🍿🎥AMC Gamma Squeeze Explained in 3 Pictures🎥🍿

Best time to learn about gamma squeeze was for $GME.
2nd best time to learn is now. For $AMC.

You don't needa understand gamma, vega, vanna, theta. You just gotta understand 3 simple pictures.
👇
1/ You buy 1 call option.

The market maker (MM) wants to stay "delta neutral" (i.e. zero net long, zero net short exposure).
But he just sold you 1 call. So he's short 1 call (i.e. short 100 shares' worth of exposure).

What does he do now? 😳🥴
2/ Don't worry. Market maker has a solution.

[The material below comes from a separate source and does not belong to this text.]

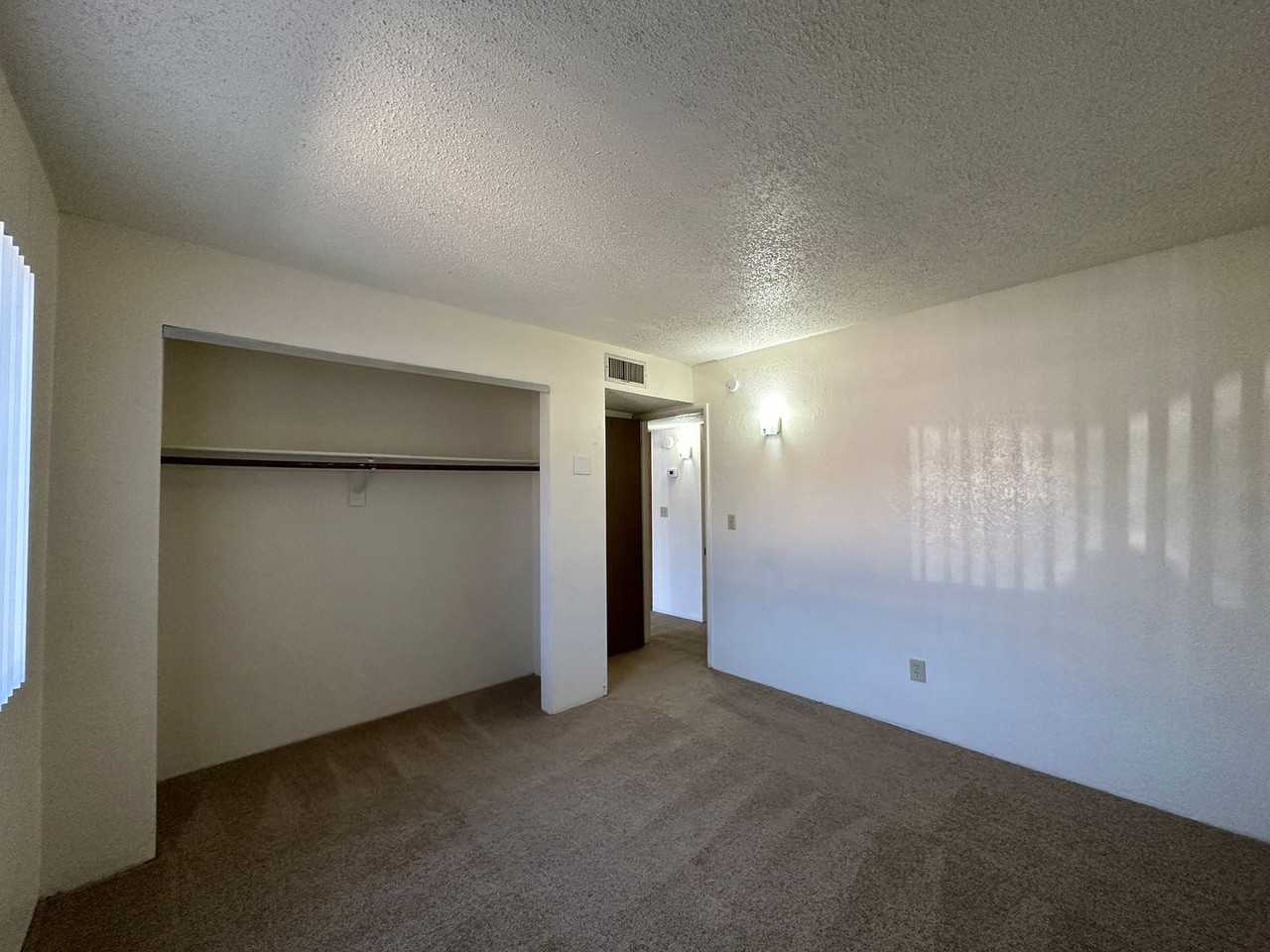 Drexel Plaza - Photo 7 of 17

In response to being short 100 shares' risk, he needs to buy back 50 shares of underlying $AMC stock to bring himself back to "equilibrium."

Why not 100? Go to step 3 (final) 👉
3/ Delta hedging

pink + blue = purple.

pink line = MM's PnL from long 50 shares
blue = PnL from short 1 call
purple = PnL from short 1 contract & long 50 shares

Notice how purple is symmetric around the spot price. So as long as spot doesn't move, MM will be delta neutral.
Wait, but why is it called gamma squeeze if it's all about delta?

When MM buys 50 shares, that pushes price up. Now what happens when $AMC goes to $30, $50... $75?

TLDR: MM is no longer delta-neutral. MM is now long delta b/c of "gamma" (how much delta changes as price changes)
Let's go back to ur call. Say it had a gamma of .004. This means for every 1% change in $AMC, delta changes .4%.
So if AMC spikes 10% from $26.52 to $29.17, the MM's delta is now -0.004*10 = -0.04. Not zero!

To neutralize, MM must buy more stonk. So the vicious cycle continues.